Fidelity recently began offering certain index funds with zero management fee and, in fact, a zero overall net expense ratio — the joke being they will “make it up on volume.”  We have discussed our factor-based investing approach earlier in this series, where we get aspects of indexing and aspects of a more active approach with very reasonable fees.  While our fund expenses are greater than zero, as of this writing, most of our funds have expense ratios of less than 0.30% per year, which we think is very reasonable.

The classic “2 and 20” hedge fund model is to charge well in excess of this; they charge 2% of the value of the account each year plus 20 percent of the annual profits over some hurdle rate or high-water mark.  While overall private investment fees have trended downward, these fees are still likely to be far in excess of what can be found with our types of funds.  Does the performance of private investments make these extra fees worthwhile?

Performance

Glad you asked. Beating an investing benchmark is really difficult.  To make a compelling case, a private investment needs to demonstrate:

  1. A sufficient track record in the past (if for no other reason than you probably wouldn’t know about it if there wasn’t one);
  2. Evidence that suggests future performance (after fees, taxes and expenses) will be in excess of performance achievable in public markets and make up for illiquidity and other risks.

When evaluating investments, everyone focuses on item 1, but not everyone thinks as hard about item 2.  Just recently, a professor was talking about the long-term (18-year) performance of a student-led investment fund which had consistently trounced the S&P 500.  He pointed out how the students were early adopters of stocks which ultimately became very successful, like Facebook and Snapchat.  This sounds compelling at first glance. Should we sign these students up as Telarray’s first hedge fund managers?

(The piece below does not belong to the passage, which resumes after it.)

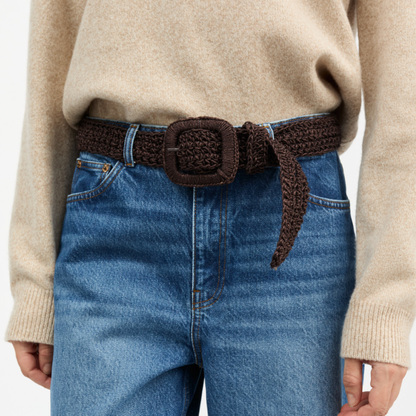 Carla Straw Belt, Dark Brown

What he didn’t mention is that the lifetime of the fund overlapped closely with the tech sector’s trough following the 2000 tech bubble and has coincided with one of the greatest periods for technology stocks in history.  While the students probably did a great job, if they were running a hedge fund and charging 2 and 20, it’s unlikely they would have beaten a simple technology index fund for the same period.  Even if they did, a true analysis of their performance would have to examine if their performance was due to a few big lucky bets or a consistent, repeatable investment process.  What matters to us would be the next 18 years of performance, not the last 18. We would have to be confident that whatever they were doing would work in the future.  Also, the benchmark matters.  This investment approach probably should not have been compared to the S&P 500. 

Conclusion

Telarray portfolios are comprised of mutual funds and ETFs from a diverse set of providers, and diversified across sectors, markets, and countries throughout the world.  We focus on providers with evidence-based approaches, reasonable fees, and transparent processes. 

When evaluating private investments, the question is not, “is there a private investment that has put up incredible numbers over the last few years that I wish I had owned in retrospect?”  Of course, there are investments of all types which dramatically outperform the market for a given period. 

The real question is, “Can we pick a private investment that will reliably outperform not only its benchmark but also the additional layers of taxes, fees, risk, and complexity that go into it in the future?”  That’s the question that matters, and so far at Telarray, the answer is no.  We continue to be very satisfied with our public Telarray mutual funds and ETFs.